As they sell the package to voters, President Donald Trump and other Republicans are emphasizing how big the tax cuts are — often claiming, wrongly, that they are the largest in U.S. history.

Implicit in the shift: Republicans are embracing the conventional budgeting “baseline” they scorned during legislative debate because that now makes their tax cuts appear more impressive.

Under the so-called current policy baseline Republicans used in Congress, their plan was projected to cost $715 billion over a decade — peanuts, in the world of tax cuts and a mere raindrop in the country's $36.8 trillion debt.
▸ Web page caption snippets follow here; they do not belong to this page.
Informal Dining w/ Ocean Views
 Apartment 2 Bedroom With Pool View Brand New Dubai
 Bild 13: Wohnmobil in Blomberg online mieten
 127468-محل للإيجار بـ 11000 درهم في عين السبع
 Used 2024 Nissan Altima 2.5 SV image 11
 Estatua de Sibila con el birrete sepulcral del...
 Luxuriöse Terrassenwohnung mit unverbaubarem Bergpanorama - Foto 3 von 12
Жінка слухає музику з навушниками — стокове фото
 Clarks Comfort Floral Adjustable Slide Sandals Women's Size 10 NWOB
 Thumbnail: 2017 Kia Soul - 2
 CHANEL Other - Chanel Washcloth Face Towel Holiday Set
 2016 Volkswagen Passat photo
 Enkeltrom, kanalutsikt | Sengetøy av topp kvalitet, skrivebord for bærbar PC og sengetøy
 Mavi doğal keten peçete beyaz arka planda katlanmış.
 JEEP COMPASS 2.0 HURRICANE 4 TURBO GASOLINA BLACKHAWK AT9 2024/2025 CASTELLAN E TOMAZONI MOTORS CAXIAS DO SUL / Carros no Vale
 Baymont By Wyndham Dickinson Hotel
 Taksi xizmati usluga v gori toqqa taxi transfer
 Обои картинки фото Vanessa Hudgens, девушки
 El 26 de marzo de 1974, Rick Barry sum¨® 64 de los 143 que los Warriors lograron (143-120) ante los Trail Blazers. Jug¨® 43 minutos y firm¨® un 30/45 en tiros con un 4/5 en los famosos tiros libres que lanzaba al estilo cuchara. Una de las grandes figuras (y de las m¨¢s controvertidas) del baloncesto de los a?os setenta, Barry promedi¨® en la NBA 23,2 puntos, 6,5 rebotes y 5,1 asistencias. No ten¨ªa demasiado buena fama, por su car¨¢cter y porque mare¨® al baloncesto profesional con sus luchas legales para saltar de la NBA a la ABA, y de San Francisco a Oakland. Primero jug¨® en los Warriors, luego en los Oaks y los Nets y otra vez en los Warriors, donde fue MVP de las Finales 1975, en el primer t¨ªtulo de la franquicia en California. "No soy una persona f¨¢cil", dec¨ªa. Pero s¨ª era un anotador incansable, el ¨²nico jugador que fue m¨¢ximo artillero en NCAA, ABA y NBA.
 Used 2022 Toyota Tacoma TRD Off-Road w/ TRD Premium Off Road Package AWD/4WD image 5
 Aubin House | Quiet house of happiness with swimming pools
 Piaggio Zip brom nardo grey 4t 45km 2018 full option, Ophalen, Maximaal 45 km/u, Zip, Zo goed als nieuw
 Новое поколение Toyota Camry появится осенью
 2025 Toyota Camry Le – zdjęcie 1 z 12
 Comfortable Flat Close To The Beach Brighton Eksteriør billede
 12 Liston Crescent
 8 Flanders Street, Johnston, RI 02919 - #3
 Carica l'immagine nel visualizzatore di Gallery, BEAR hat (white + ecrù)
But using a conventional yardstick means their tax cuts cost $4.5 trillion — not the largest ever, but sizable enough to at least be in the conversation.

That has Democrats crying foul, with Sen. Jeff Merkley of Oregon, the top Democrat on the Budget Committee, complaining Republicans’ boasts come after they used a “budget gimmick” to “claim that their massive tax giveaway to billionaires cost next to nothing.”

Some Republicans aren’t entirely comfortable with it either.

“I can’t control what other people say,” said Sen. Ron Johnson (R-Wisc.), a member of the tax-writing Finance Committee. He said he instead tells voters Republicans averted a $4 trillion tax increase that would have come if lawmakers hadn’t extended a slew of temporary tax cuts that were slated to expire at the end of this year.

It’s an ironic addendum to the long-running debate in Washington over Republicans using the current policy baseline to help pass their legislation, signed into law a little more than four weeks ago. And it comes as lawmakers now turn to selling their constituents on the package, which also includes controversial cuts in Medicaid and other programs.

Early polling shows the package is not popular, though most taxpayers won’t begin to benefit from the tax cuts until they file their returns next spring. Many are in line for extra-large refunds because Republicans made a number of provisions, including an enlarged Child Tax Credit and a more generous deduction for state and local taxes, retroactively available for the current tax year.

During congressional consideration, Senate Republicans were adamant that the correct way to tally the cost of their plan was by comparing the changes to what the government was currently doing, not what was carved into law, as budget scorekeepers normally do.